### [Records for processing]

----

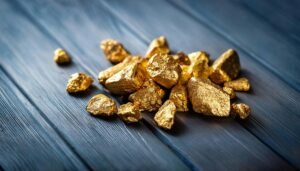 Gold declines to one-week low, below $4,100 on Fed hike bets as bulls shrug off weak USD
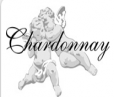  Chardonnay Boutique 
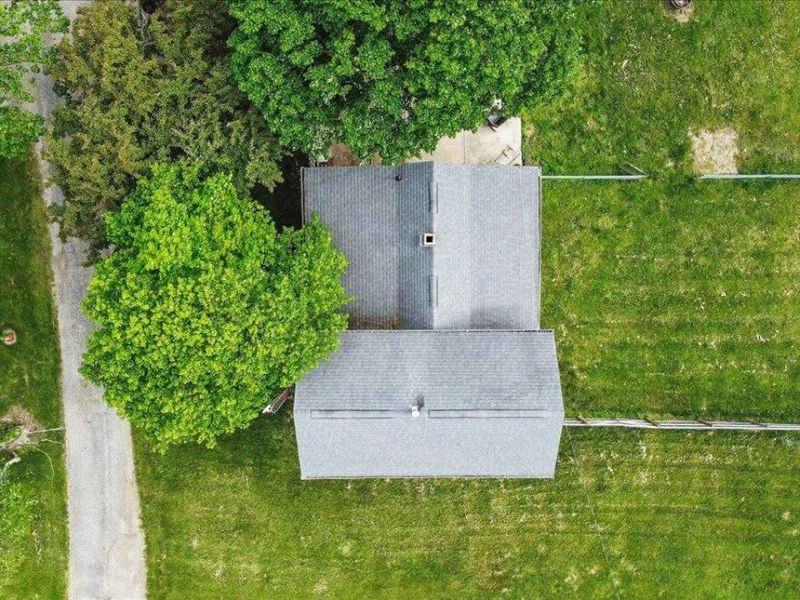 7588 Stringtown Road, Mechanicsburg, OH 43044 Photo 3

----

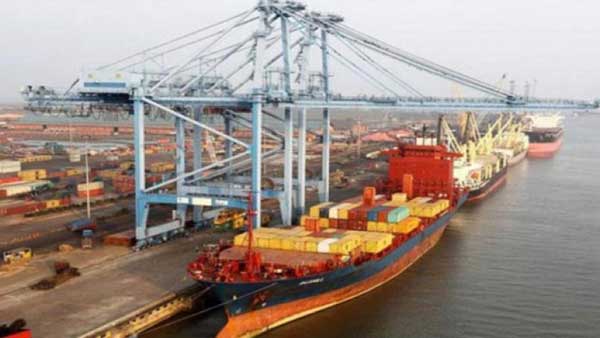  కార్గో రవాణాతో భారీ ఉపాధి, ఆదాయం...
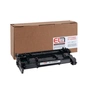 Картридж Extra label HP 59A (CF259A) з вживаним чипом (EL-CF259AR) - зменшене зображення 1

----

### [Work required]
Nothing but the lines above from the one that has "Gold declines to" down to the one that has "7588 Stringtown Road, Mechanicsburg, OH" belongs in the answer, copied exactly, without pictures.

### [Exercise response]
 Gold declines to one-week low, below $4,100 on Fed hike bets as bulls shrug off weak USD
  Chardonnay Boutique 
 7588 Stringtown Road, Mechanicsburg, OH 43044 Photo 3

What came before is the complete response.